PROVIDED RECORDS Start Marker
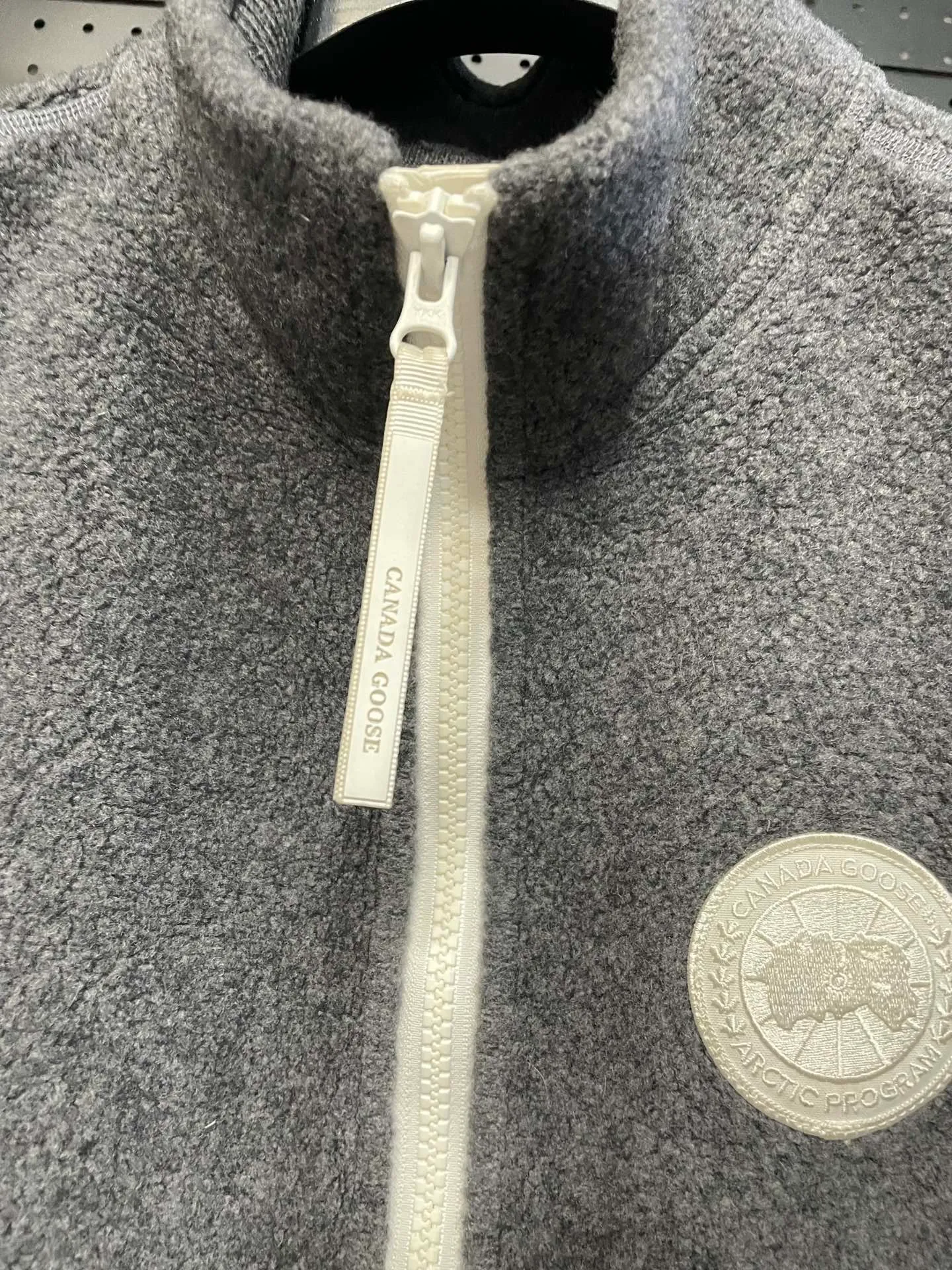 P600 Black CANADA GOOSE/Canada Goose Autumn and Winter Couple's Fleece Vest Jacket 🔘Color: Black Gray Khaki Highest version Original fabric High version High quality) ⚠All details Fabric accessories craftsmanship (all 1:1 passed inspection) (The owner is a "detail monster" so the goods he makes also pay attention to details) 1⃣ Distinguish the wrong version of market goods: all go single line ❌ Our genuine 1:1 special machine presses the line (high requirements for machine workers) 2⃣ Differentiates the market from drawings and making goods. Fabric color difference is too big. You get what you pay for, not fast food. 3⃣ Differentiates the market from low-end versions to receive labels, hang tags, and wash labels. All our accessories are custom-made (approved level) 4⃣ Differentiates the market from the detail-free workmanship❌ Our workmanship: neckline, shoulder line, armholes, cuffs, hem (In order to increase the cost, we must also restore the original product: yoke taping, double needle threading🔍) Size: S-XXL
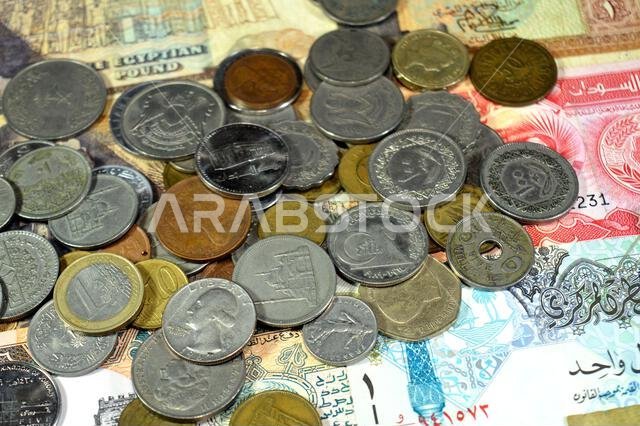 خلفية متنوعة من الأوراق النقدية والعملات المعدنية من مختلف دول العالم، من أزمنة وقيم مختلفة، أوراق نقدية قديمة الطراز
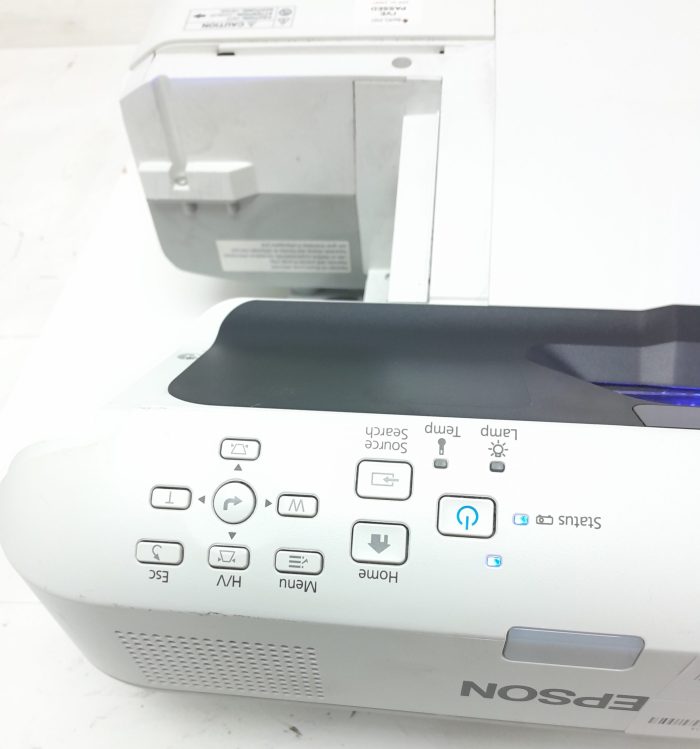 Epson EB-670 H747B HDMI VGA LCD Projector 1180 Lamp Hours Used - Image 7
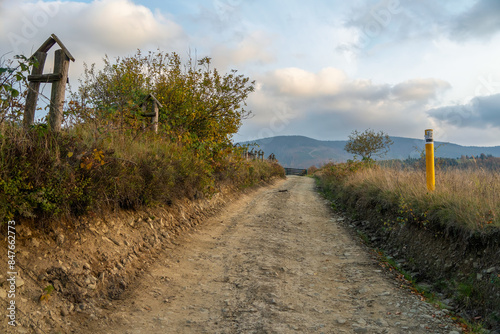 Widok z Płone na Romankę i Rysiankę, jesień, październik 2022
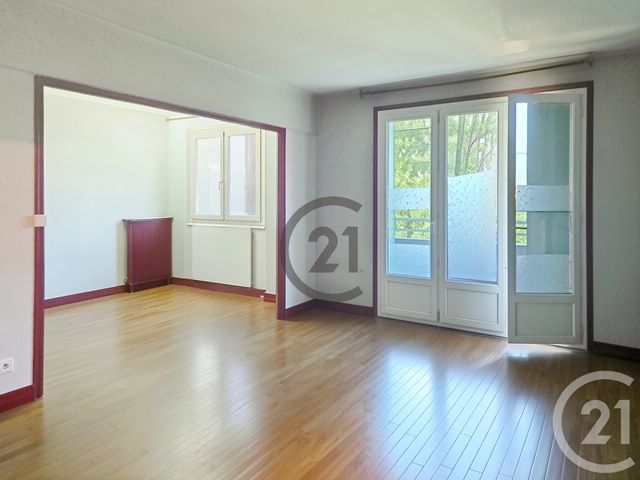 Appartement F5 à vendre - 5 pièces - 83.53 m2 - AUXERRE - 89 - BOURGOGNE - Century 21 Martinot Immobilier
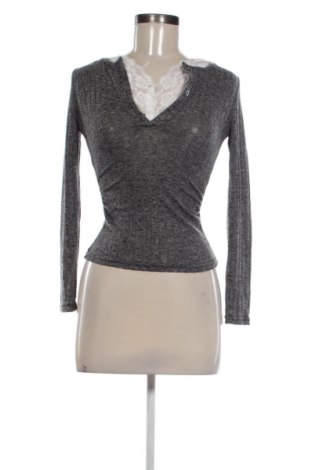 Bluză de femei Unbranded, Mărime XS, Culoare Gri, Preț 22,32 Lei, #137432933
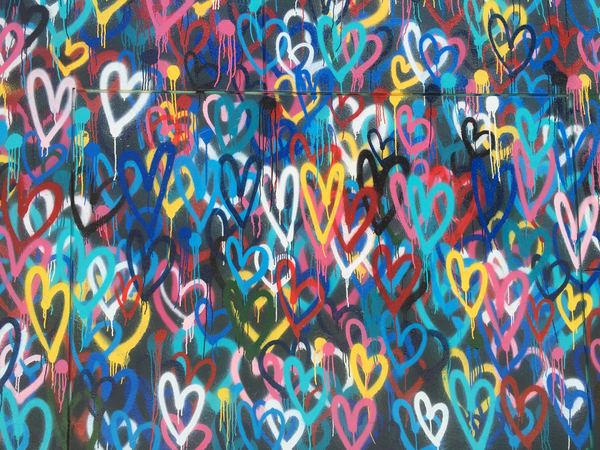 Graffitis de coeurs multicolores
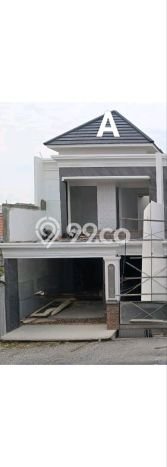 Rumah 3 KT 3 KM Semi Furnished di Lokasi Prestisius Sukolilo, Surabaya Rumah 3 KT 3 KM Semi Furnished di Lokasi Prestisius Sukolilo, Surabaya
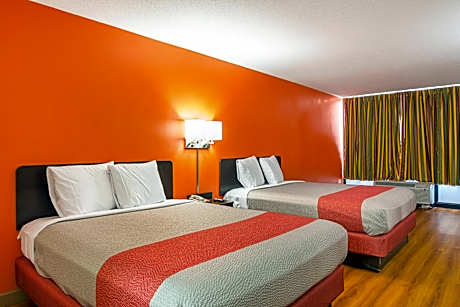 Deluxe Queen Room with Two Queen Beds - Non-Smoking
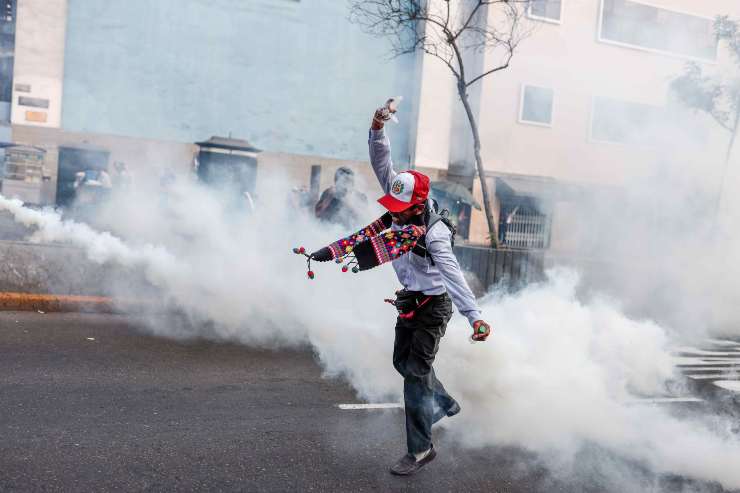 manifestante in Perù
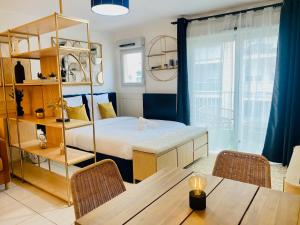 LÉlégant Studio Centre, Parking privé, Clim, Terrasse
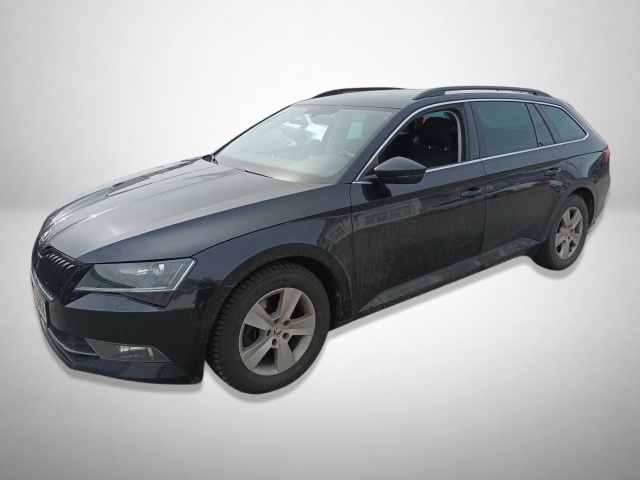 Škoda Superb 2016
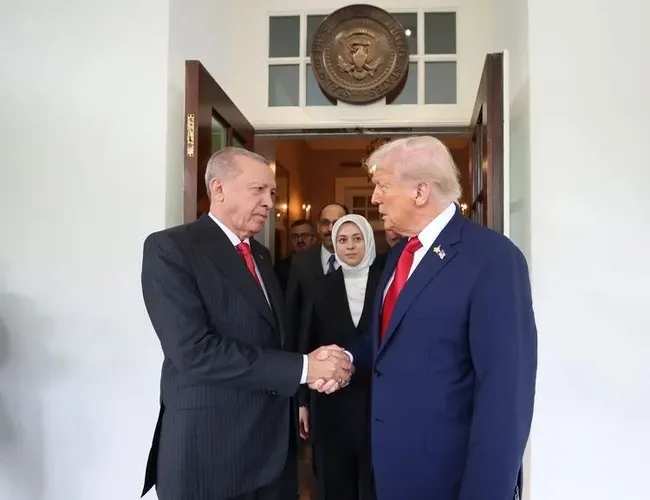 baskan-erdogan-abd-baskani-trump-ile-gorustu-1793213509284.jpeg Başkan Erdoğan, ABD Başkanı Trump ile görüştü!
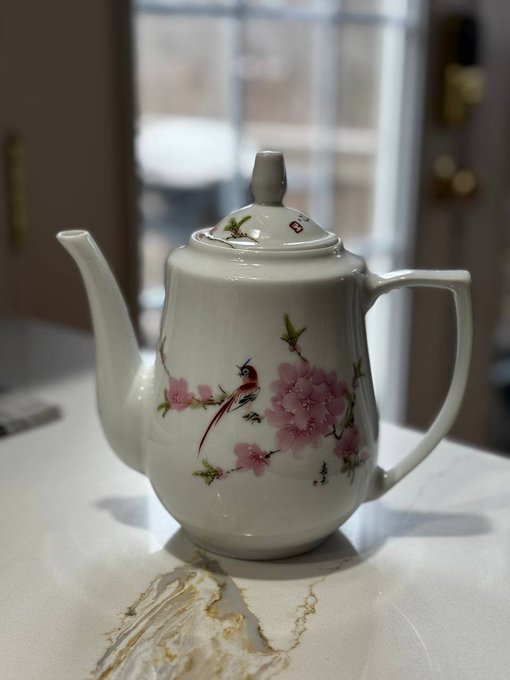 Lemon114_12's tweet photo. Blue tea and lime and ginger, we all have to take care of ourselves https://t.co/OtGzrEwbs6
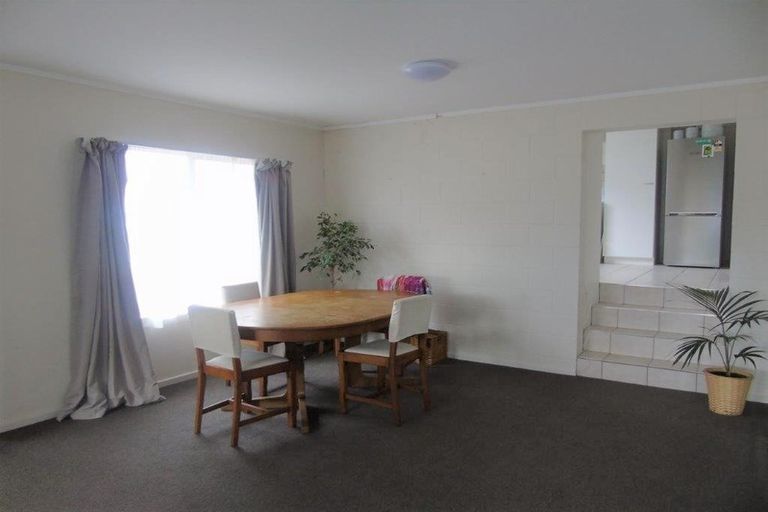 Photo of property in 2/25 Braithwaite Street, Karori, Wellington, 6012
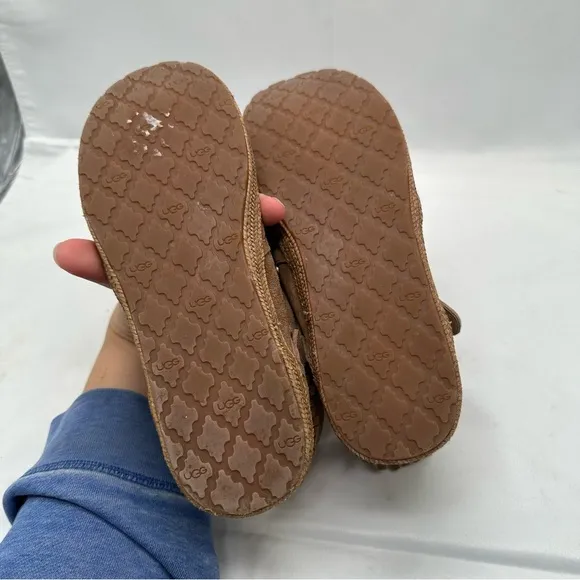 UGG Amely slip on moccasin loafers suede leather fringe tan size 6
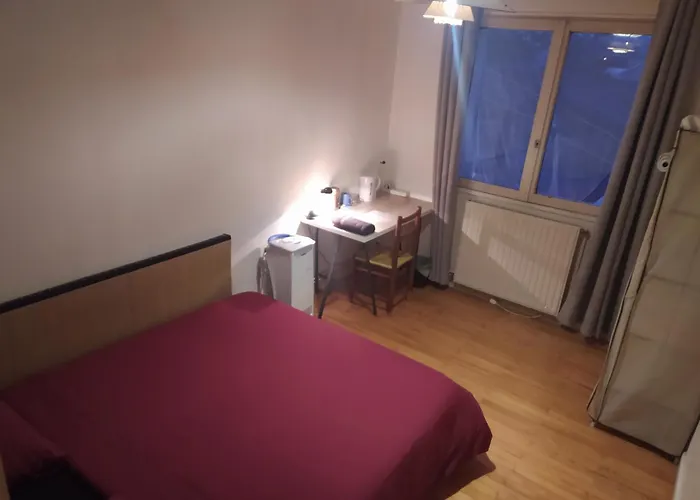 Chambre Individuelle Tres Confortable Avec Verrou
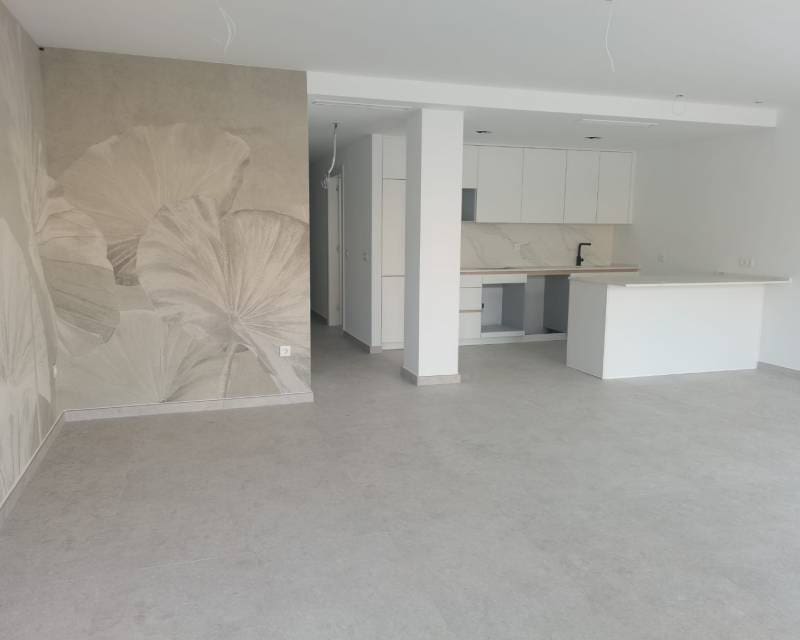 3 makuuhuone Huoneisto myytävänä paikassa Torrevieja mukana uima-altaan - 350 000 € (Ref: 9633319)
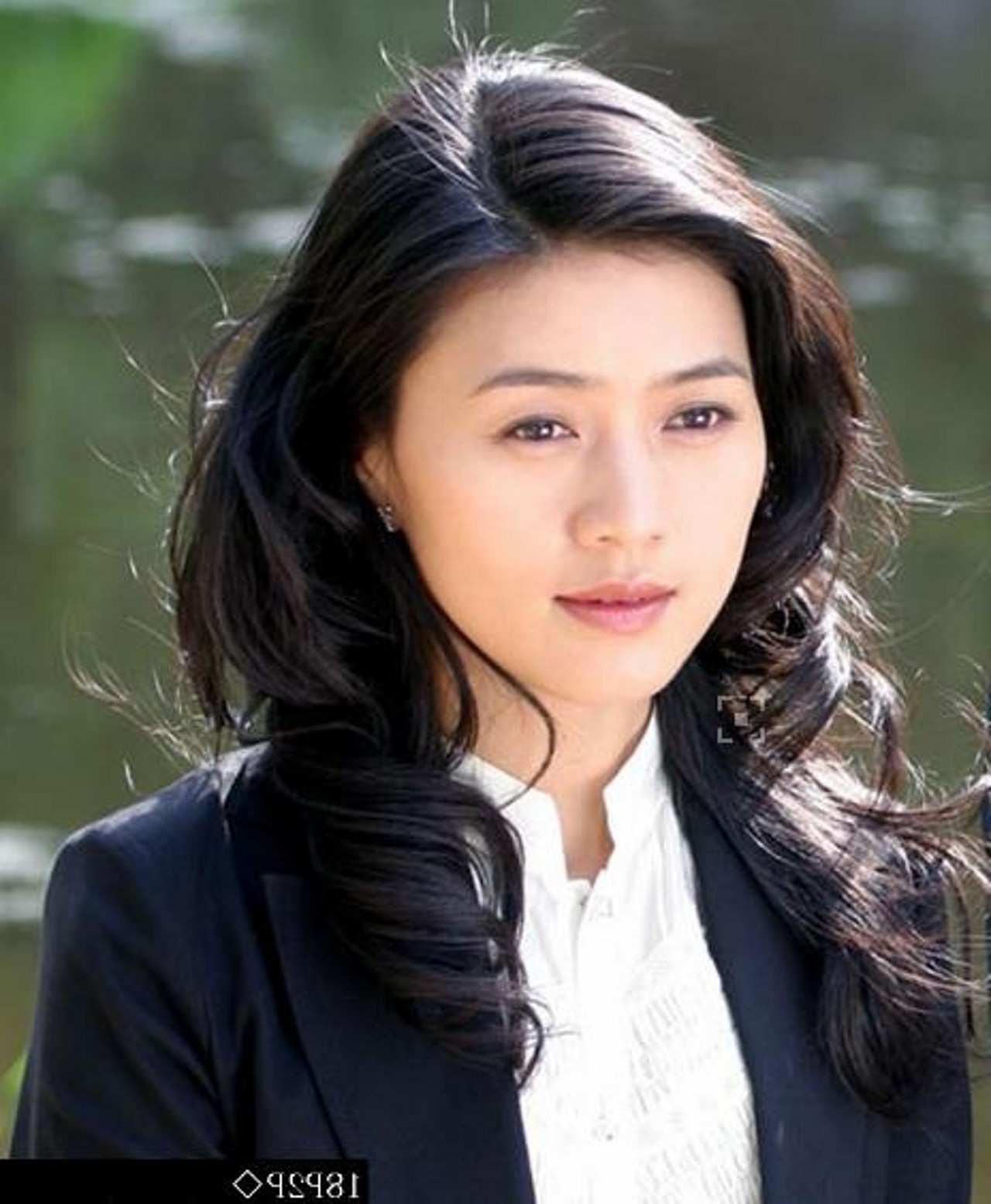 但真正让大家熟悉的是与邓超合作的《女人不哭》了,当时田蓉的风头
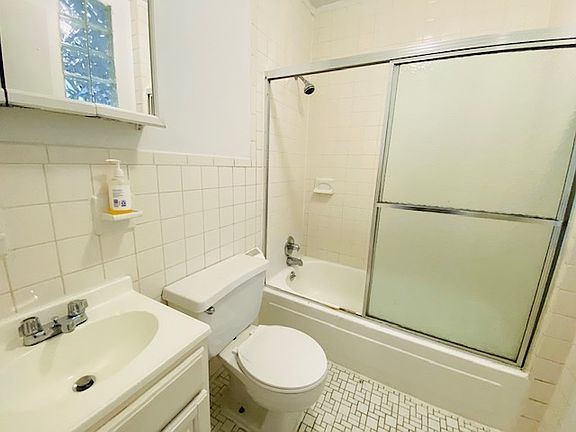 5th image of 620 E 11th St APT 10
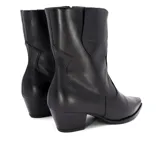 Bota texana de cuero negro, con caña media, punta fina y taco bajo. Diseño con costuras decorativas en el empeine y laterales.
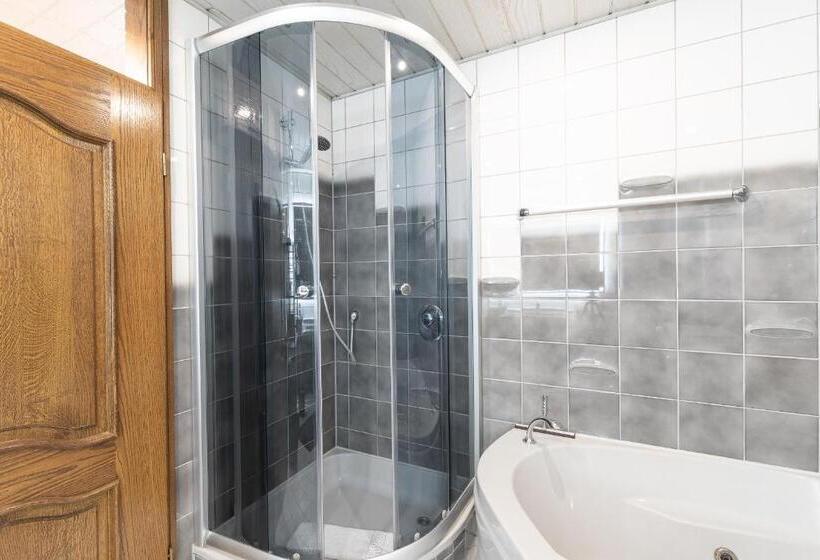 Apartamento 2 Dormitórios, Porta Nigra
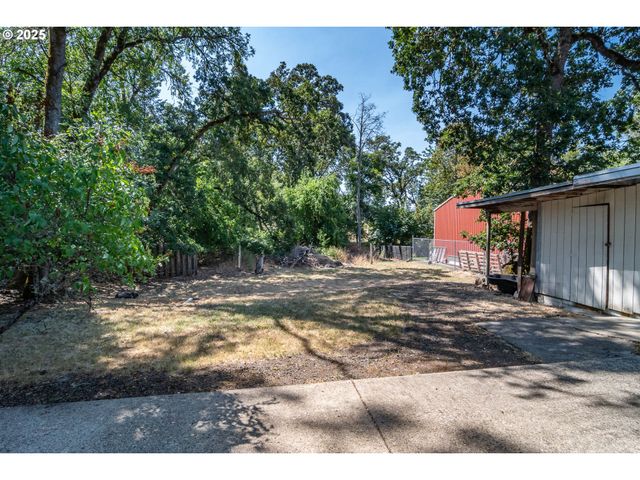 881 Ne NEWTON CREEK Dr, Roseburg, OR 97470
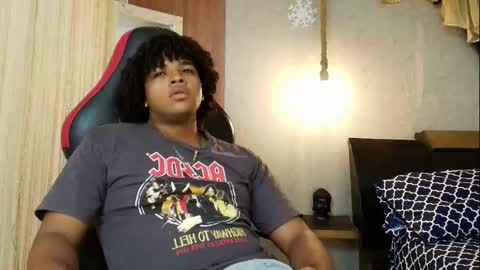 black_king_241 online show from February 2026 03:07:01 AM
PROVIDED RECORDS End Marker
= EXERCISE GOAL =
I would like an exact copy of the lines from the one holding "Bota texana de" through the last line of the entries above, with the pictures left out.

= EXERCISE SOLUTION =
 Bota texana de cuero negro, con caña media, punta fina y taco bajo. Diseño con costuras decorativas en el empeine y laterales.
 Apartamento 2 Dormitórios, Porta Nigra
 881 Ne NEWTON CREEK Dr, Roseburg, OR 97470
 black_king_241 online show from February 2026 03:07:01 AM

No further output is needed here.